• _YOUR GOAL_: Apart from the pictures, everything in the lines below must be printed exactly.

• _RECORDED DATA_:
>>>

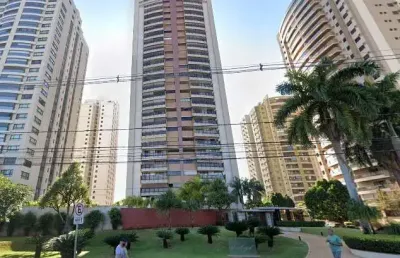 Cobertura alto padrão para venda na fiusa, jd santa angela, inteira reformada, 4 suites, terraç gourmet e piscina privativa em 443 m2 de area util
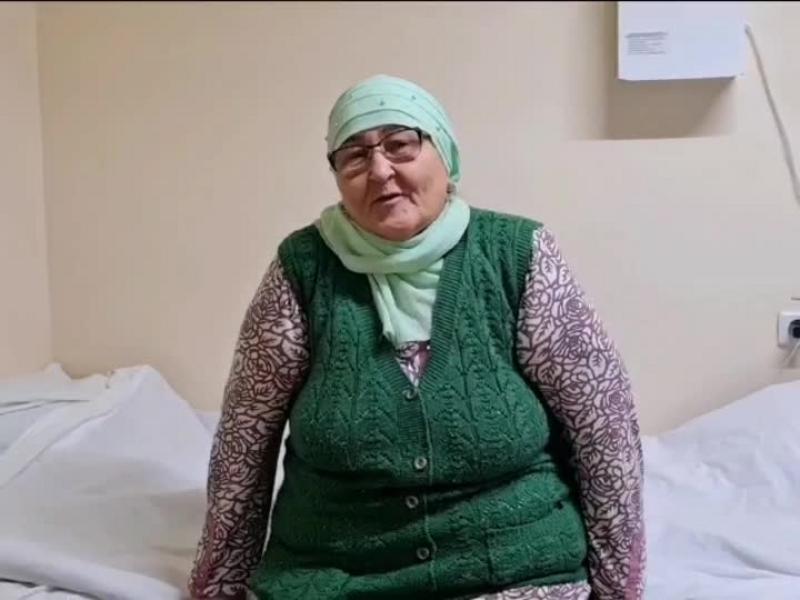 Пациентки горбольницы №5 Челнов прокомментировали фейк об унитазах от Собчак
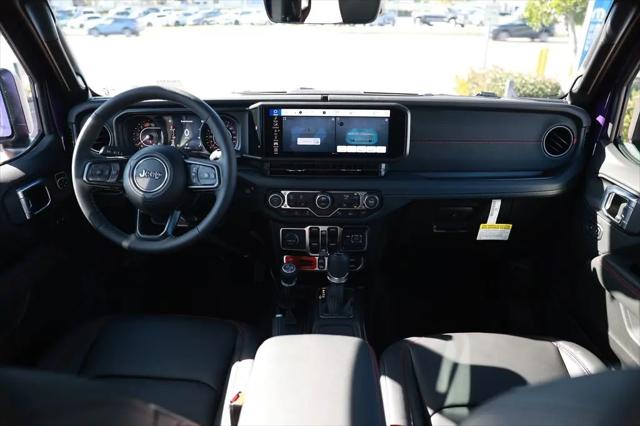2026 Jeep Wrangler 4-Door Recon 4x4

<<<

• _FINISHED EXERCISE_:
 Cobertura alto padrão para venda na fiusa, jd santa angela, inteira reformada, 4 suites, terraç gourmet e piscina privativa em 443 m2 de area util
 Пациентки горбольницы №5 Челнов прокомментировали фейк об унитазах от Собчак
2026 Jeep Wrangler 4-Door Recon 4x4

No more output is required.